Dataset extract
Segment Open
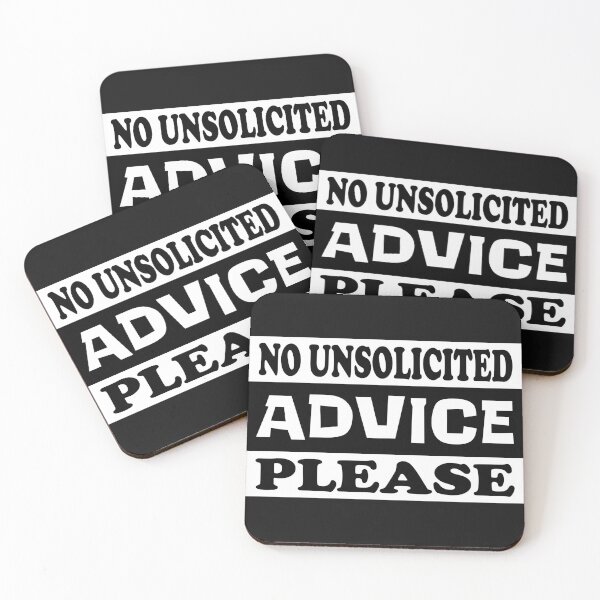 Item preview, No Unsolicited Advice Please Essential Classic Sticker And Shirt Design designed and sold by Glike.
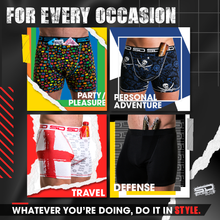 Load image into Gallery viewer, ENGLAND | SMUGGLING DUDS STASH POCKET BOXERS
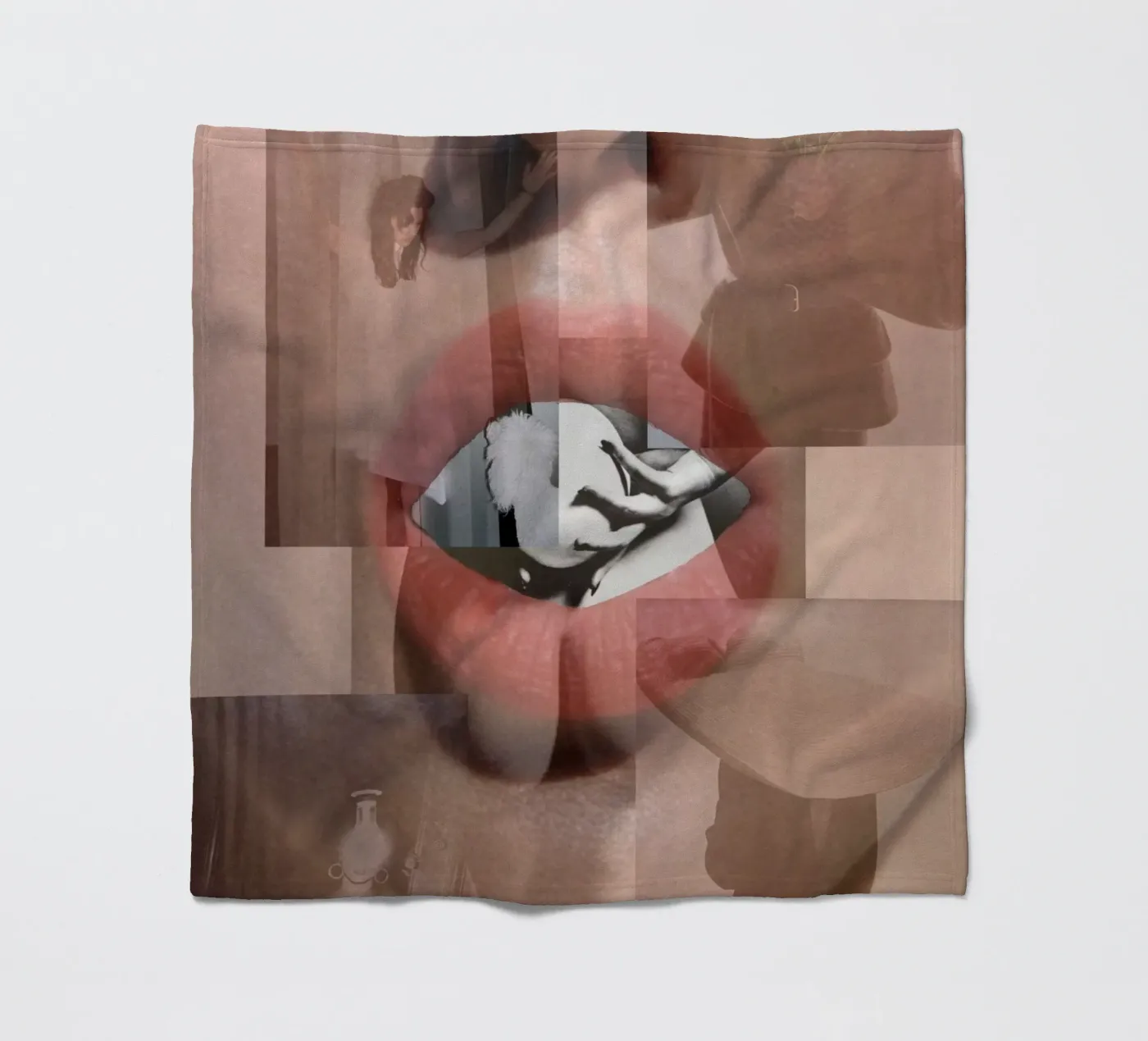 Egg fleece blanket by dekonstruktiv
Segment Closed
Assignment
Whenever you reach a picture, pass over it; print all the other material exactly.

Completed task
 Item preview, No Unsolicited Advice Please Essential Classic Sticker And Shirt Design designed and sold by Glike.
 Load image into Gallery viewer, ENGLAND | SMUGGLING DUDS STASH POCKET BOXERS
 Egg fleece blanket by dekonstruktiv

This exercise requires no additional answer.